L’obiettivo è sostenere la richiesta di modifica della disciplina sull’origine doganale dei prodotti, ritenuta non sufficientemente chiara nel distinguere tra materie prime italiane e prodotti solo trasformati in Italia. L’attuale normativa, infatti, consente di definire italiano un alimento quando subisce nel Paese una lavorazione considerata sostanziale ed economicamente giustificata, anche se le materie prime provengono dall’estero.

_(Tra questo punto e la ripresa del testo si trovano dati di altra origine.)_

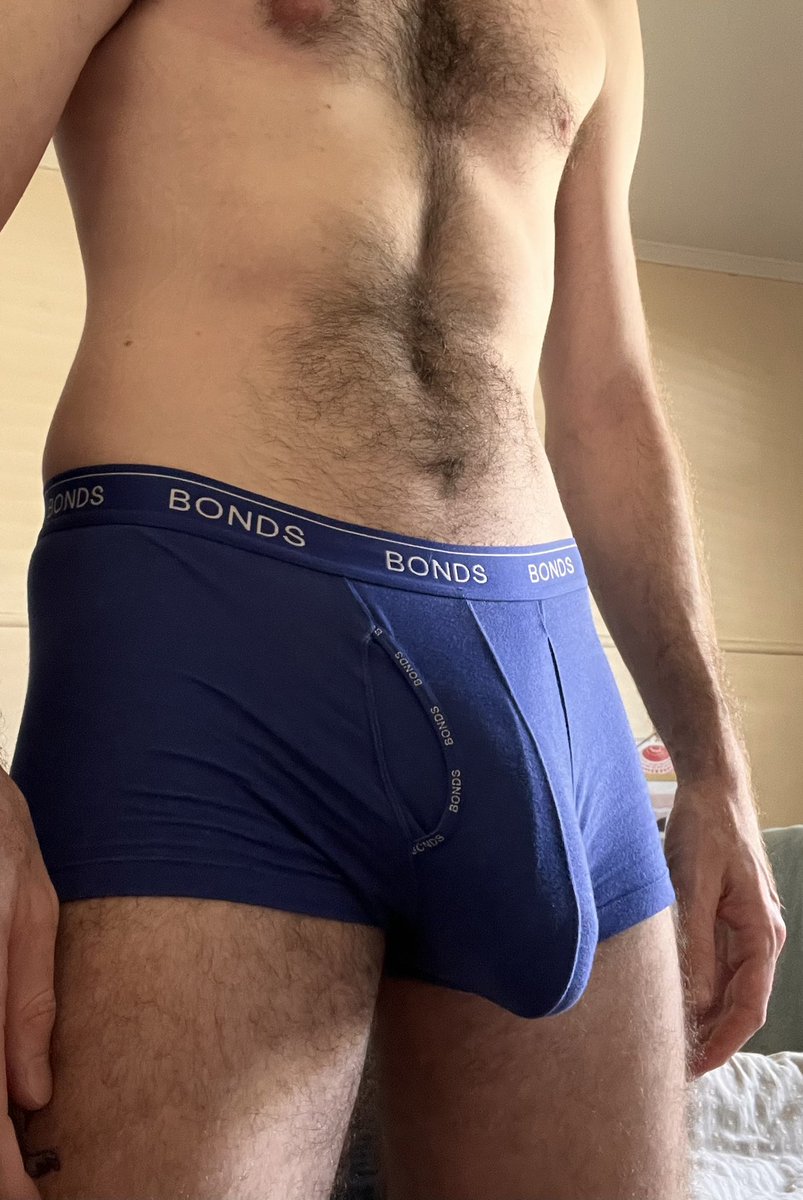 Don’t take your eyes off my bulge 🍆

Secondo i promotori, questa impostazione rischia di non garantire piena trasparenza ai consumatori e di creare uno squilibrio tra produttori che utilizzano filiere interamente nazionali e quelli che importano ingredienti dall’estero mantenendo comunque il marchio d’origine italiana dopo la trasformazione.
L’assessore Belletti sottolinea la valenza territoriale della proposta: “La battaglia di Coldiretti per la modifica del codice doganale ha ricadute positive anche locali e si inserisce nel solco dell’attività di valorizzazione delle nostre produzioni agricole ed agroalimentari che questa amministrazione sta portando avanti durante questo mandato.”
Il tema, prosegue Belletti, riguarda anche la difesa delle tipicità locali: “Le eccellenze dei nostri produttori devono essere maggiormente tutelate e garantite da possibili forme di concorrenza sleale e da una normativa europea che rischia di svuotare di significato il concetto stesso di Made in Italy.”
L’amministrazione collega l’iniziativa anche ai progetti in corso sul territorio: “A breve saranno presentati i primi prodotti a marchio De.Co. del Comune di Portomaggiore (Denominazione di origine comunale) ed il relativo marchio e gli sforzi per sostenere queste produzioni non possono essere vanificati da ambiguità legislative e lessicali che creano solo confusione.”
L’ordine del giorno sarà dunque discusso nella seduta del 2 marzo, con l’intento di esprimere un sostegno politico locale a una vertenza che coinvolge l’intero sistema agricolo nazionale e il futuro della tutela del vero made in Italy.